Para tanto, se torna indispensável a existência do distrito federado autônomo. Não apenas eleitoral, mas tributário e administrativo, diminuindo os butins federais, estaduais e das megalópoles, onde ocorre o assalto sistemático e incontrolável do Erário. Isto, em relação aos recursos que dizem respeito diretamente ao dia a dia do cidadão, como educação, saúde e segurança pública, além da mobilidade e dos equipamentos urbanos.

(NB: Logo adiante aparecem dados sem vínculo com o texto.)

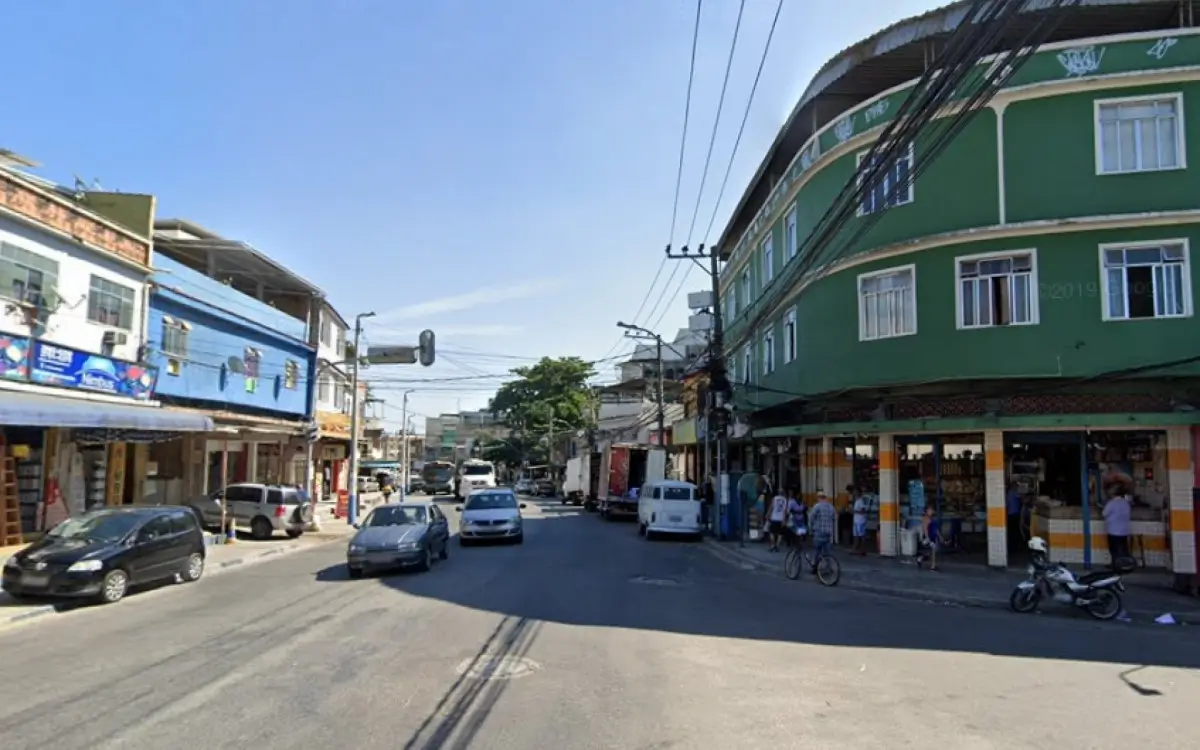 Crime ocorreu na calçada de um estabelecimento comercial na Avenida Comendador Teles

O Estado macrocéfalo e centralizador tem se tornado o maior entrave ao desenvolvimento da moderna economia social de mercado praticada na grande maioria dos países civilizados — onde se dá a excelência na prestação dos serviços públicos e na infraestrutura aceleradora e impulsionadora da economia estável, onde os capitais da iniciativa privada fluem livremente. E deslancham o empreendedorismo sadio, liberto dos tentáculos do paternalismo e da corrupção configurados pela onipresença de um Estado onipotente, corrompível em sua própria gênese e clamorosamente ineficiente.
O único meio legítimo de alcançarmos esse estágio superior de desenvolvimento é através de uma corajosa reforma constitucional do Estado brasileiro. Agora então, urgentementissimamente!